KeywordsBinderless board Internal bonding Shiitake Degradation
Wood-based composites are produced by combining wood strands, particles, fibres, veneers, or thin boards with adhesives or by other fixation methods. Medium density fibreboards (MDFs) have replaced traditional lumber in segments of the furniture and interior industry due to their relatively low cost and use of by-products from the lumber production process . However, urea formaldehyde, a synthetic binder used for the production of MDFs and particleboards, may be carcinogenic and accounts for a large portion of manufacturing costs . Binderless boards, a type of MDF that does not use synthetic binders, could potentially be a commercially viable and environmentally-friendly product in the MDF sector.

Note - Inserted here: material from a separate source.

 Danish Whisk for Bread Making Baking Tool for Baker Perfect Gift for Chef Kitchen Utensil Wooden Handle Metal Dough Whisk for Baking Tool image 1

Research on binderless boards has coincided with the drive for agro-industrial waste recycling and the development of ecomaterials. As such, the feasibility of using various agro-industrial waste to manufacture binderless boards has been investigated. Lignocellulosic agro-industrial by-products, such as inter alia, kenaf core , oil palm biomass , moso bamboo , and rice straw  have been used to manufacture binderless boards. Although the exact determinants of the self-bonding mechanism are yet to be elucidated, the thermosetting behavior of lignin at elevated temperatures , polymerization of hot water extractives , particle size , and lignin–furfural resin formation  have been cited as possible causes of self-bonding between composite fibres.

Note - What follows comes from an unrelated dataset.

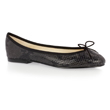 Black Snakeskin Effect Leather Ballet Flats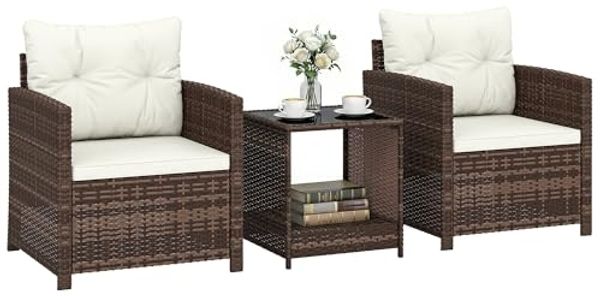 Outsunny Sitzgruppe mit 2 Sessel, 2-Ebene Glastisch, abnehmbar Sitzkissen, (Gartenmöbel-Set, 3-tlg, Rattan Bistroset), für Garten, Terrasse, Cremeweiß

Quercus spp. (oak) logs degraded by Lentinula edodes (shiitake fungi) were selected as the materials for this study because wood degraded by shiitake fungi has the merits of being a waste material from the mushroom cultivation process and a product of natural lignocellulosic enzymatic systems. The effect of enzyme pre-treatment on wood fibres for the production of binderless boards has been investigated , but the focus was on laccase, an oxidase enzyme that is specific to phenolic molecules in wood substrates. In addition to ligninolytic enzymes, shiitake fungi also contain cellulose and hemicellulose degrading enzymes that reduce polysaccharides to low molecular weight monomer and oligomer sugars for uptake . There are many shiitake fungi induced chemical and physical changes in spent logs, two of which may potentially be favorable for binderless boards: (1) increase in hot water extractives, which can promote polymerization  and cross linkage  between various chemical components during the hot press process and (2) structurally weakened cells that may breakdown into smaller particles during the milling process, which can lead to a better particle packing system  with less voids and enhance stress transfer . Furthermore, there is a large volume of waste logs produced by the mushroom cultivation industry . Despite sawdust having a greater share of wood purchased for shiitake mushroom cultivation, spent logs were chosen as the materials for this study for better clarity over species origin and consistency in growing conditions, an important consideration for chemical component and particle size analysis.
The key research goal is to determine the mechanical properties of binderless board that have been made from wood degraded by shiitake fungi for varying durations during the mushroom cultivation process and how shiitake fungi induced changes in wood affects mechanical properties and internal bonding mechanisms of binderless boards.
Materials and methods
The samples were provided by MUSH-Shimura Noen in Shizuoka. The farm uses Quercus acutissima and Quercus serrata branches that are less than 11 years and have a diameter of c. 150 mm as log substrates for shiitake mushroom cultivation. The logs are typically felled in February and inoculated with shiitake spawn in March. Fruiting is stimulated in September by soaking the logs in cold water, after which mushroom harvesting starts. The logs are kept in greenhouses throughout winter. Mushroom yield varies throughout the cultivation period, but generally increases up to 2 years and then decreases; mushroom yields of this farm generally increased by c. 1.5 kg per log around 2 years and then decreased. The yield recovers by the third year when the bark softens sufficiently for shiitake fungi degradation. The logs are discarded after the fourth year of cultivation due to significant decreases in yield.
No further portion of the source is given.